L’ordre était donné pour le début du repas et l’huissier de salle frappait de sa baguette la salle des gardes du roi en annonçant : Messieurs, à la viande du Roy !
Lors de ces repas du soir, on retrouvait toute la pompe versaillaise, au moment du souper au grand couvert.
Par la suite, pour éviter les critiques grandissantes sur le luxe débordant de Marly alors que la France était engagée dans la guerre de Succession d’Espagne, les tables furent réduites et Louis XIV décida en 1710 qu’il n’y dînerait plus qu’à son petit couvert et souperait tous les jours à une table de seize couverts avec sa famille, le surplus des places étant réservé pour les dames nommées le matin même. Il y avait bien encore quelques autres tables pour les princes et princesses accompagnés de leurs invitées… si bien que les réformes successives se révélaient inutiles et la dépense toujours aussi importante.
A l’époque des rois, ces festins, en société ou dans l’intimité, étaient une occasion nouvelle d’affirmer le pouvoir du monarque. De cette tradition naquit la renommée du service à la française et de sa gastronomie.
Pour info, les repas dans l’intimité se développèrent avec Louis XV qui appréciait peu ces cérémonies pesantes.
Les repas de société de Louis XVI et Marie-Antoinette
Afin de redonner un certain lustre à la vie de Cour, Louis XVI et Marie-Antoinette inaugurèrent, par la suite, les repas de société auxquels étaient conviés une quarantaine de personnages considérables par leur condition ou par leur mérite.
Lecteur ? Veux-tu y goûter ? Aujourd’hui, ReminiSens, restaurant-théâtre à Versailles, te convie à la table de Louis XIV et aux intrigues de la cour… A la table de Caroline Masselin, la jeune patronne, tu dîneras comme au Grand Siècle et pourras intriguer comme à Versailles. Entre joutes et destins brisés qui seront au centre de la conversation, tu mangeras et même tu mangeras très bien.
Souviens-toi encore, Lecteur, des repas de réception ou banquets donnés au XIX°, en ses appartements, par la haute bourgeoisie politicienne et spéculatrice.

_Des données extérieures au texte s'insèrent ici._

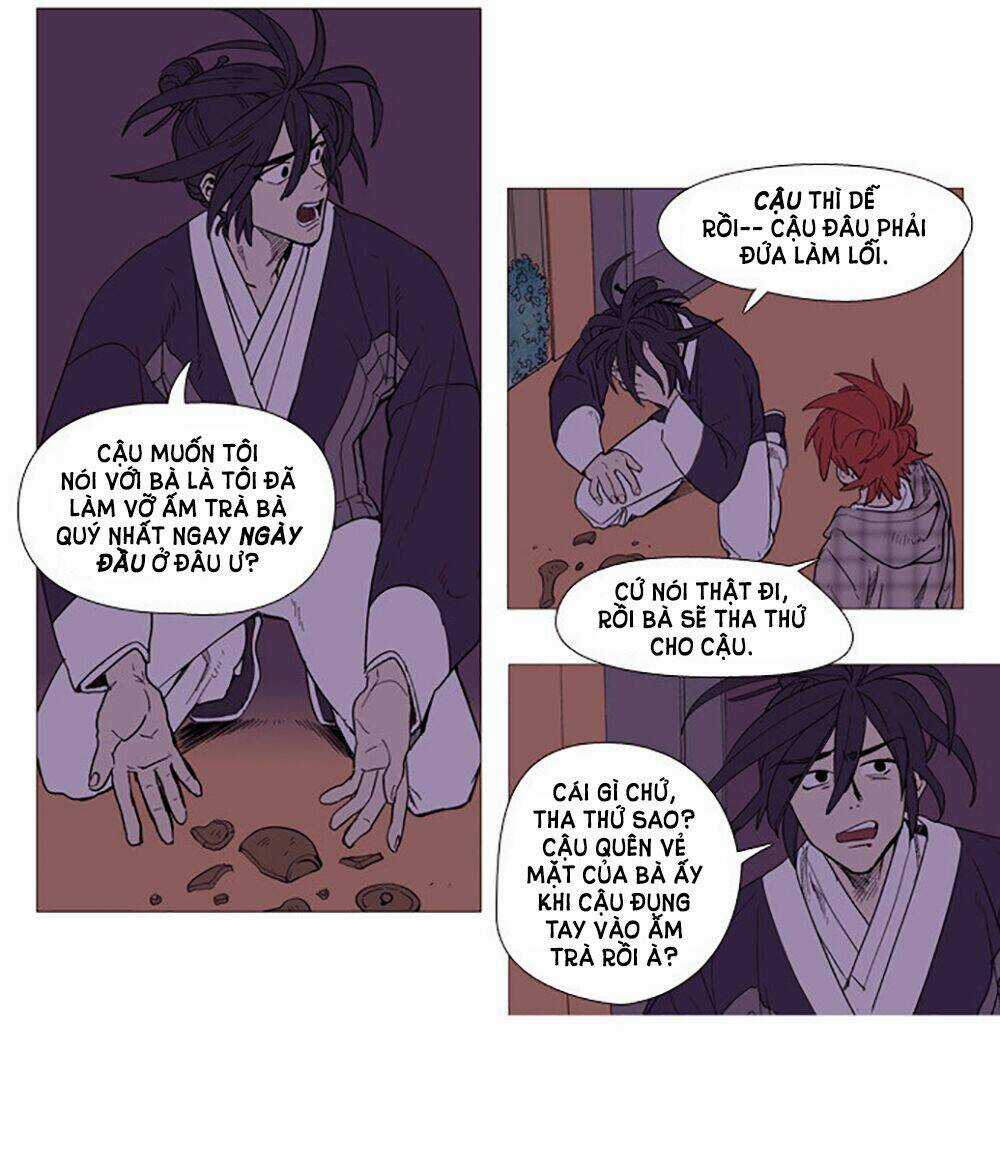 Hoàng Tinh Trà! Chapter 2 trang 7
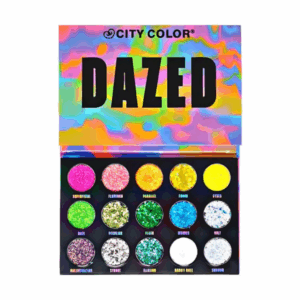 Dazed Palette - City Color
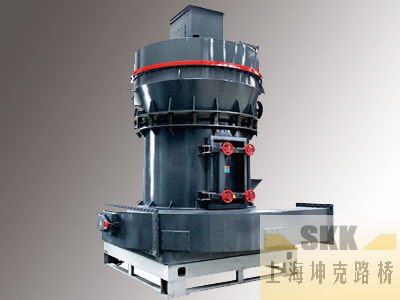 上海路桥机械供应LM系列磨粉机  型号规格产品图片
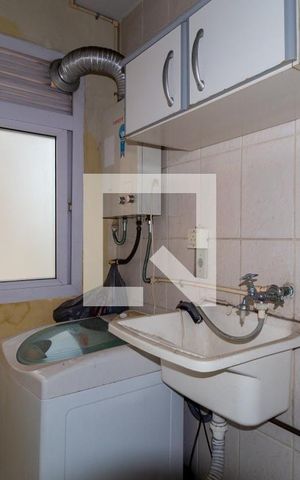 Apartamento à venda com 63m², 2 quartos e 1 vaga Apartamento à venda com 63m², 2 quartos e 1 vagaÁrea de serviço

Dans La Peau de chagrin, Balzac relate le banquet offert par le riche banquier Taillefer à une trentaine de convives, uniquement des hommes :
Chaque convive avait bu raisonnablement en changeant de crus suivant ses caprices, en sorte qu’au moment où l’on emporta les restes de ce magnifique service, de tempétueuses discussions s’étaient établies; quelques fronts pâles rougissaient, plusieurs nez commençaient à s’empourprer, les visages s’allumaient, les yeux pétillaient. Pendant cette aurore de l’ivresse, le discours ne sortit pas encore des bornes de la civilité; mais les railleries, les bons mots s’échappèrent peu à peu de toutes les bouches; puis la calomnie éleva tout doucement sa petite tête de serpent et parla d’une voix flûtée; çà et là, quelques sournois écoutèrent attentivement, espérant garder leur raison. Le second service trouva donc les esprits tout à fait échauffés.
Ce fut comme un signal donné par le diable. Cette assemblée en délire hurla, siffla, chanta, cria, rugit, gronda.

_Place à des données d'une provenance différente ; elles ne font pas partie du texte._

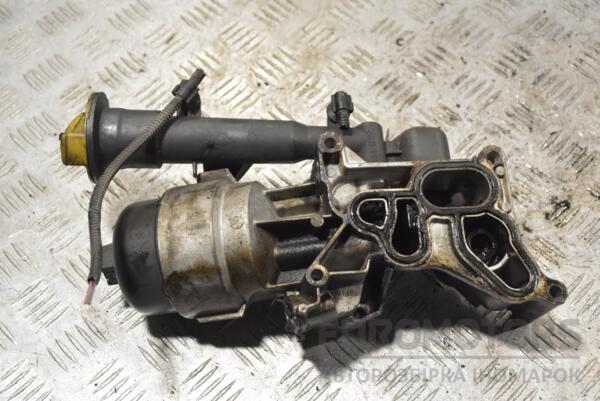 Корпус масляного фільтра Fiat Doblo 1.3MJet 2000-2009 55210824 254697 - 2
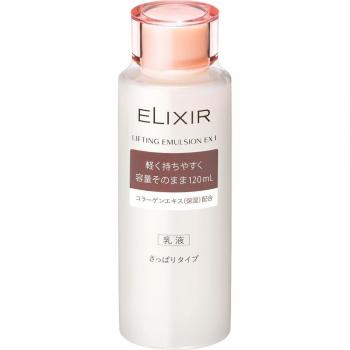 Shiseido Elixir Lifting Emulsion EX I 120ml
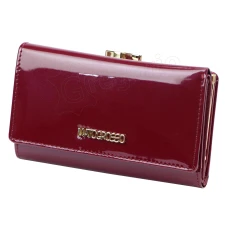 Женский кожаный кошелек Mato Grosso 0641-57 RFID Женский кожаный кошелек Mato Grosso 0641-57 RFID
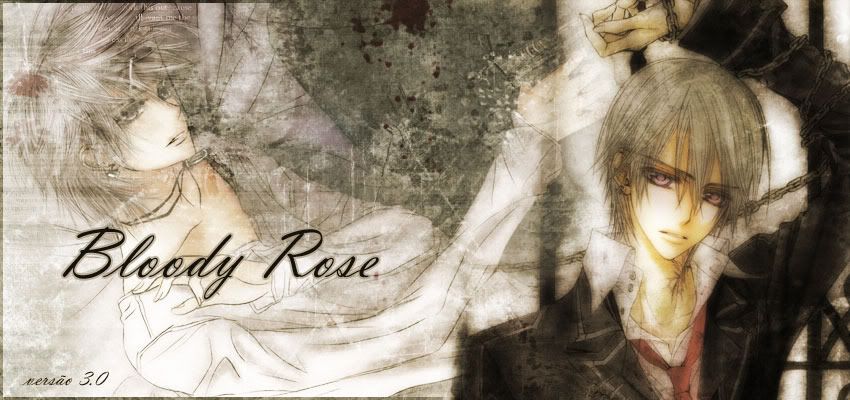 Bloody Rose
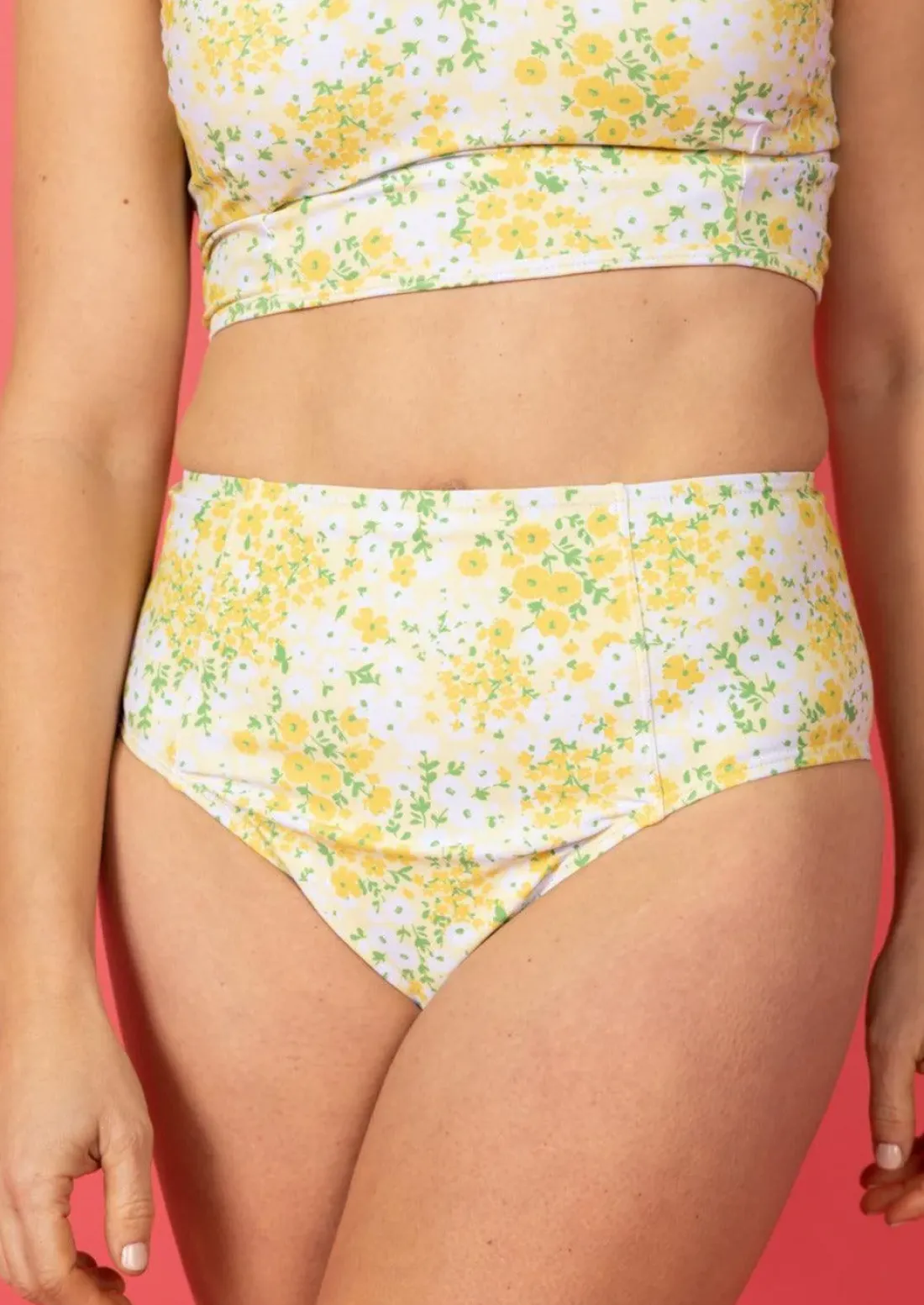Kortni Jeane Yellow Meadow | Up High Bottoms YellowMeadow Discount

Qui mieux que Balzac fit une critique de la société contemporaine et en dénonça les travers : hypocrisie, faux semblants et illusion, art de paraître et simulacre.
Peut-être Flaubert. Lequel, par ses descriptions de banquets, montra lui aussi l’arrivisme grossier de la bourgeoisie et le règne du faux et du simulacre, ce théâtre social où le désir d’éblouir côtoyait médisances et calomnies.